• **RECORDS FOR THIS EXERCISE**
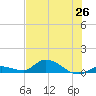 Ramrod Key tide chart for Saturday, June 26, 2021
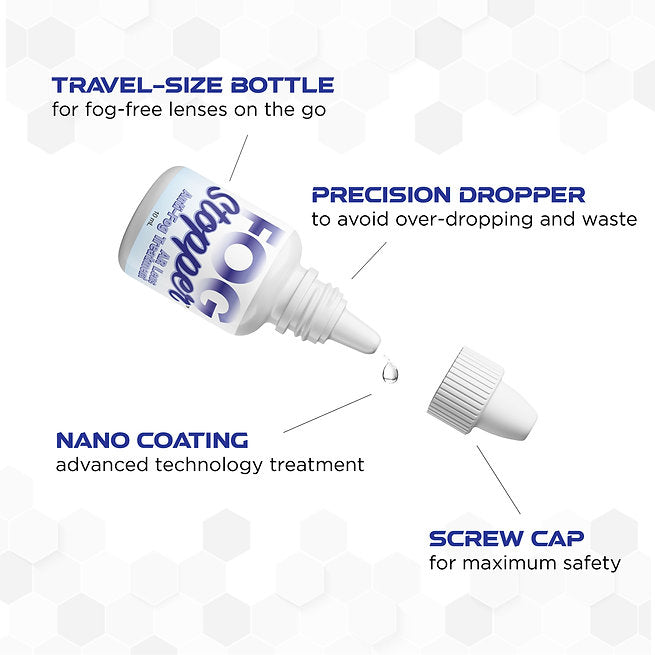 Anti fog nano-coating technology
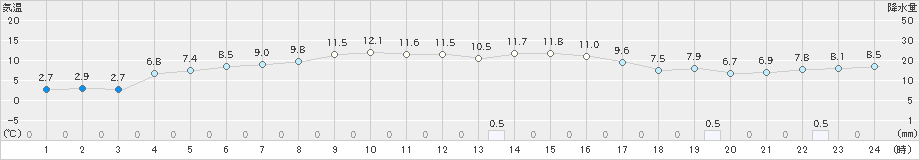 三戸(>2023年11月19日)のアメダスグラフ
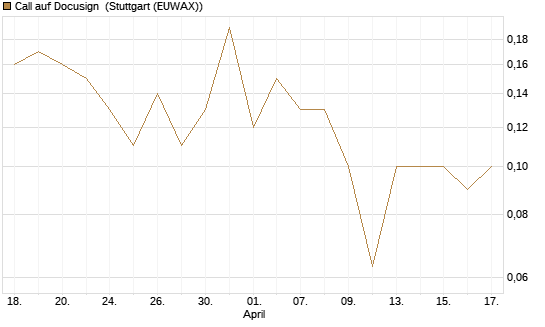 Call auf Docusign [UniCredit Bank GmbH] Chart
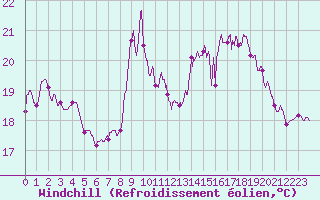 Courbe du refroidissement olien pour Dieppe (76)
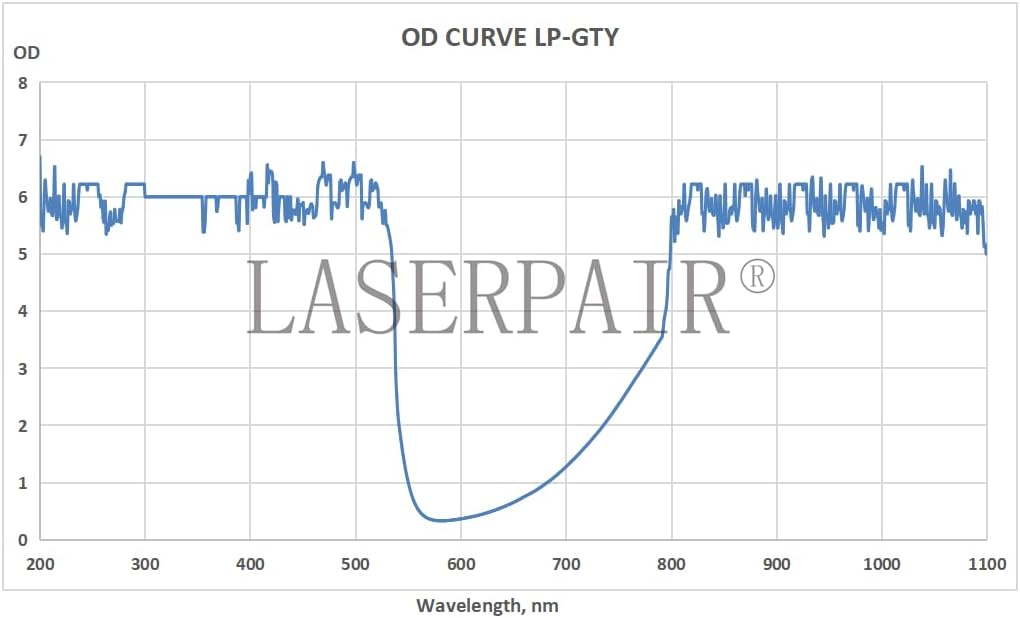 LaserPair 532 & 1064nm OD5+ Q-Switched Laser Protection Spectacles for Medical Laser Devices
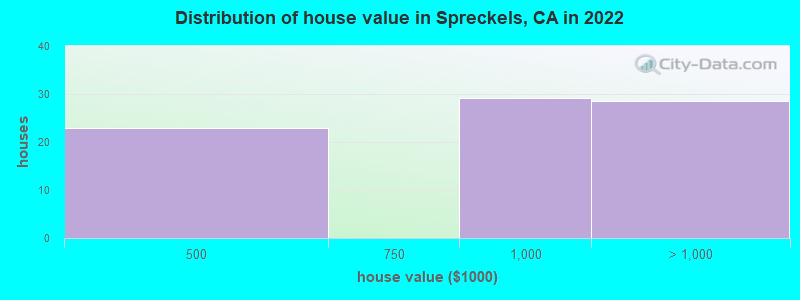 Distribution of house value in Spreckels, CA in 2022
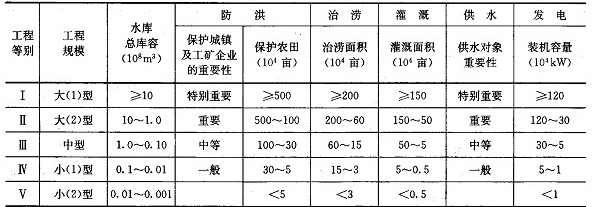 水利水電工程分等指標(biāo)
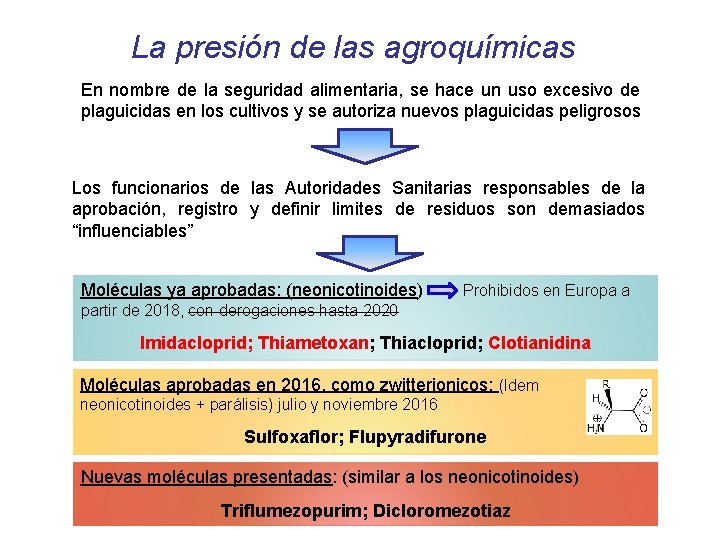 La presión de las agroquímicas En nombre de la seguridad alimentaria, se hace un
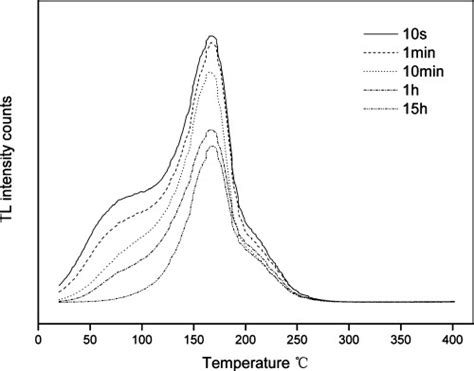 The Comparison Of The Tl Glow Curves Of The Nondoped Mg 2 Sno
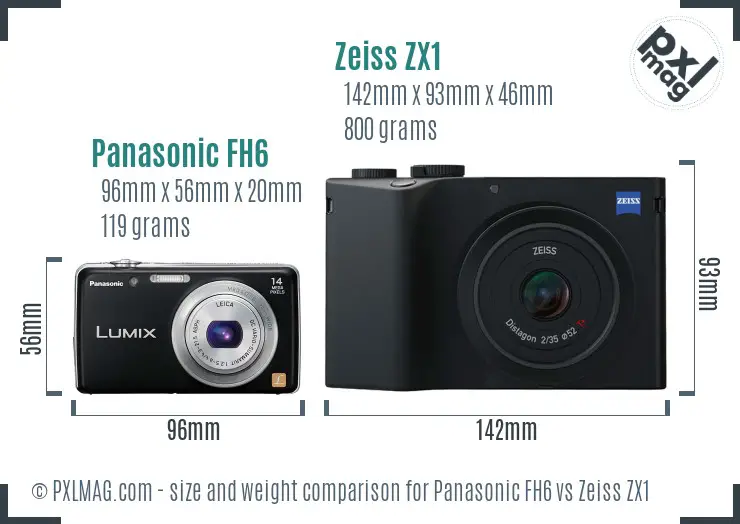 Panasonic FH6 vs Zeiss ZX1 size comparison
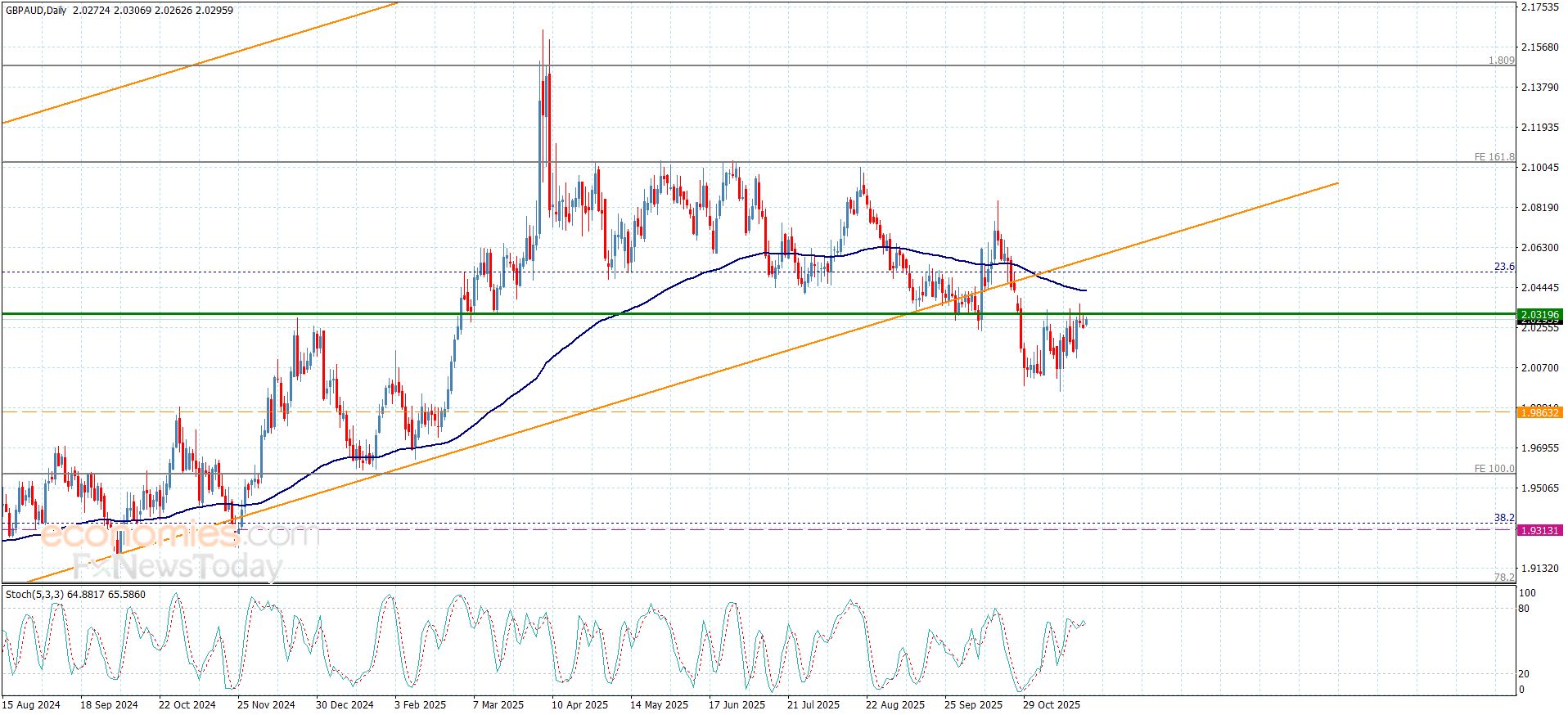 تحديث توقع سعر الذهب اليوم 25-11-2025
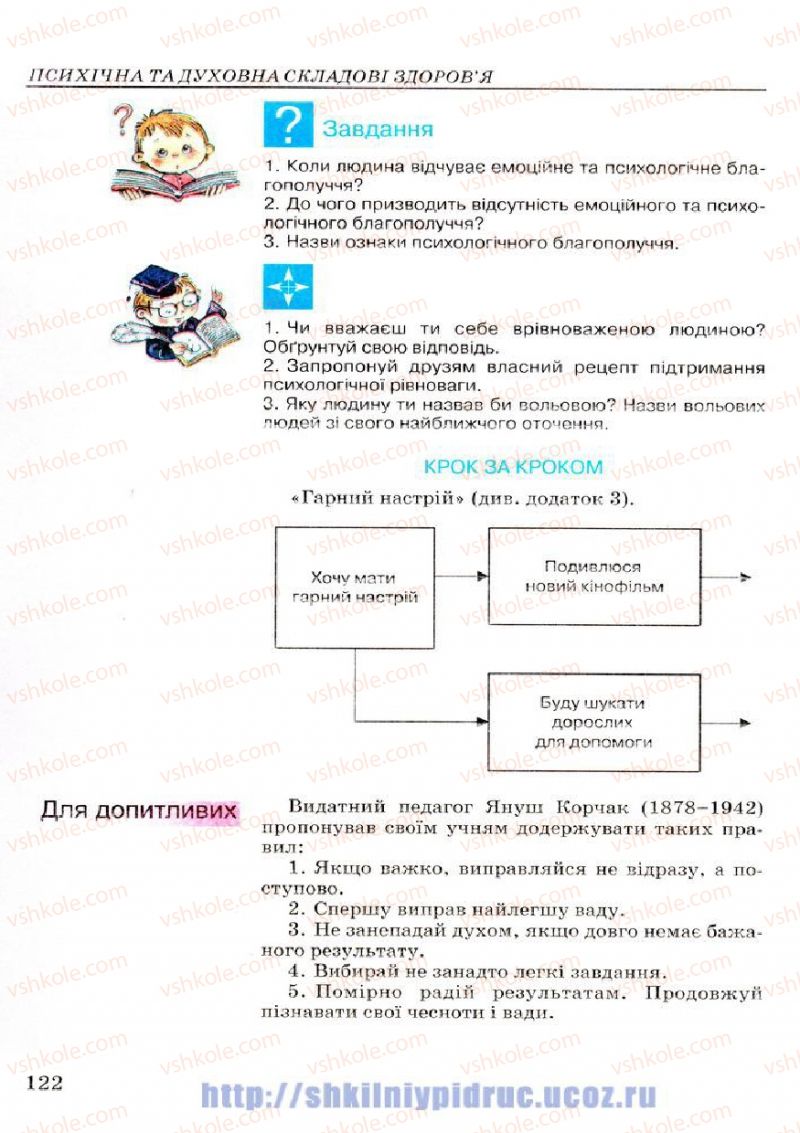 Страница 122 | Підручник Основи здоров'я 7 клас Т.Є. Бойченко, І.П. Василашко, Н.С. Коваль 2007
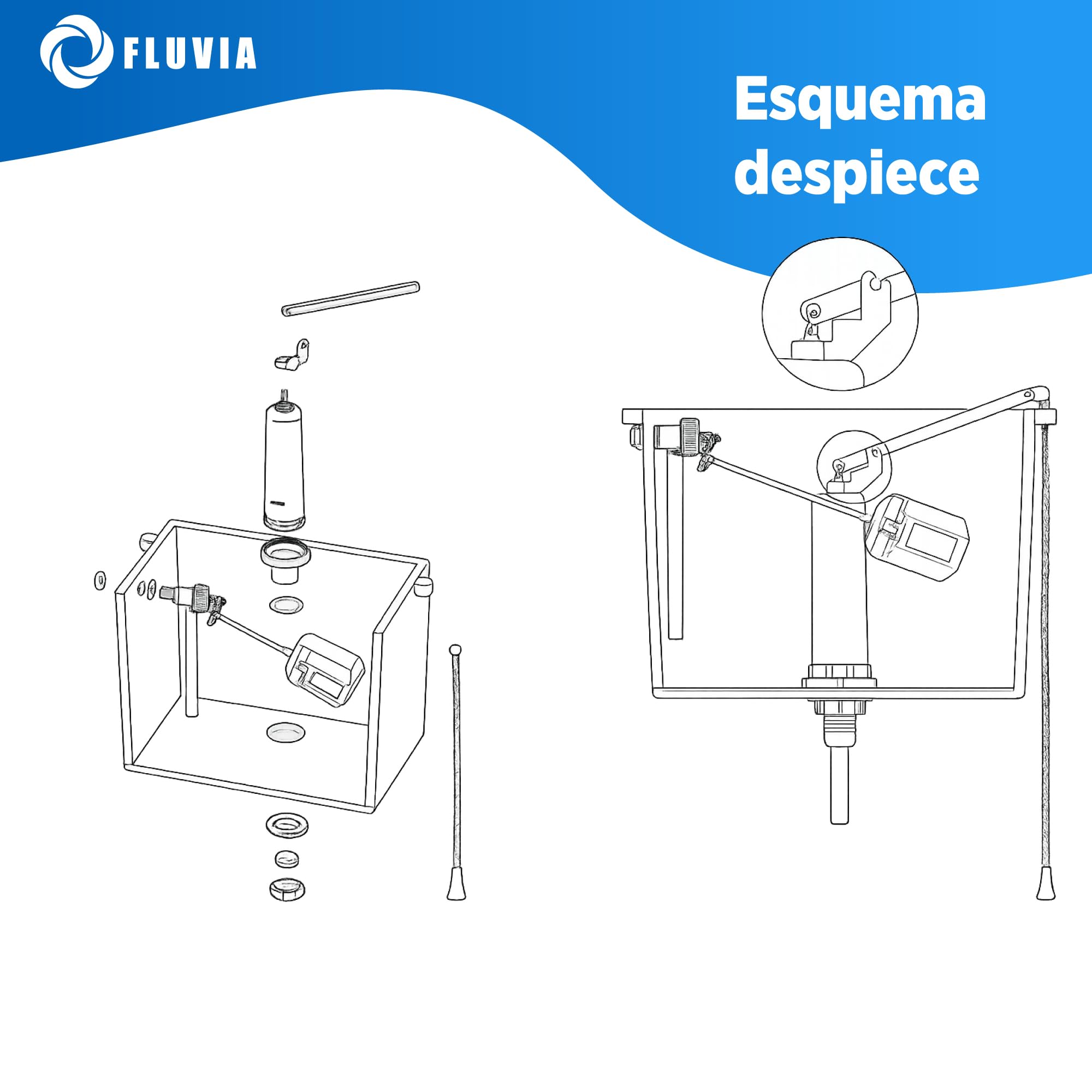 Cisterna Alta completa para inodoro de PVC |incluye Mecanismo de descarga flotador lateral y cadena | intalacion nueva o reemplazo |resistente y facil de montar FLUVIA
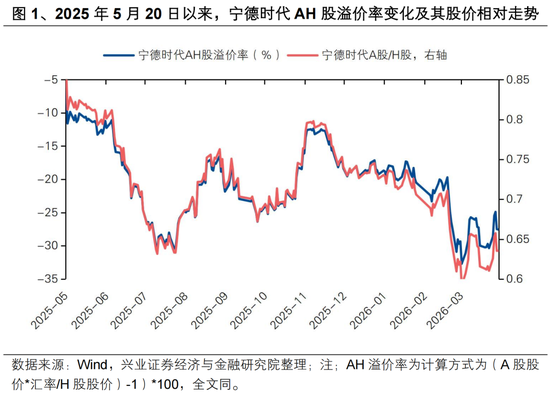 兴证策略张启尧团队：如何理解宁德时代H股的溢价？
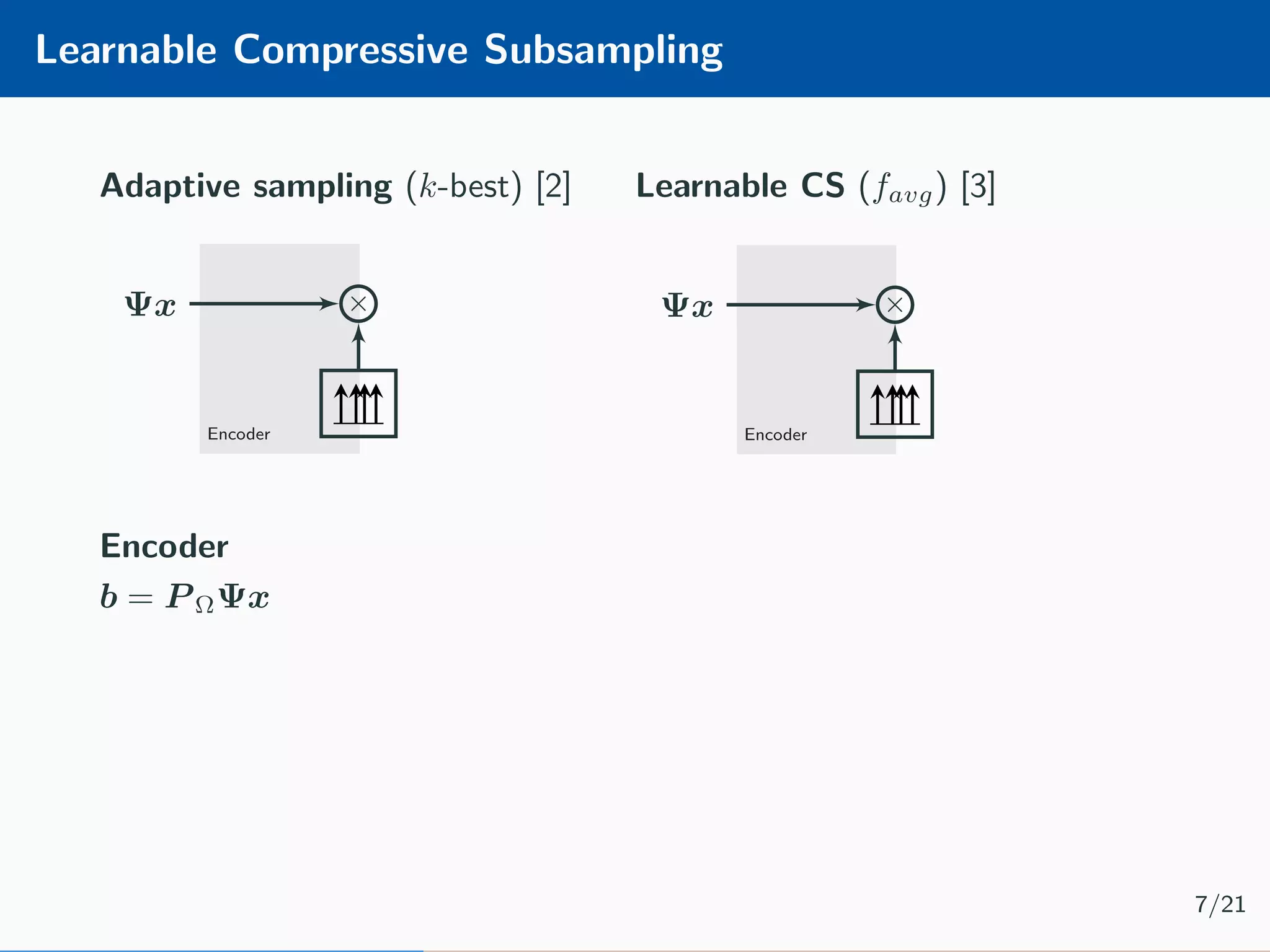 Learnable Compressive Subsampling Adaptive sampling (k-best) [2] Encoder Decoder Ψx × Ψ∗ ˆx learn Encoder b = P ΩΨx Learnable CS (favg) [3] Encoder Decoder Ψx × Ψ∗ ˆx ΨX learn 7/21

• **WHAT YOU SHOULD DO**
Leave out all pictures and extract exactly the lines from the line with "兴证策略张启尧团队：如何理解宁德时代H股的溢价？" through the end of the material.

• **ANSWER AREA**
 兴证策略张启尧团队：如何理解宁德时代H股的溢价？
 Learnable Compressive Subsampling Adaptive sampling (k-best) [2] Encoder Decoder Ψx × Ψ∗ ˆx learn Encoder b = P ΩΨx Learnable CS (favg) [3] Encoder Decoder Ψx × Ψ∗ ˆx ΨX learn 7/21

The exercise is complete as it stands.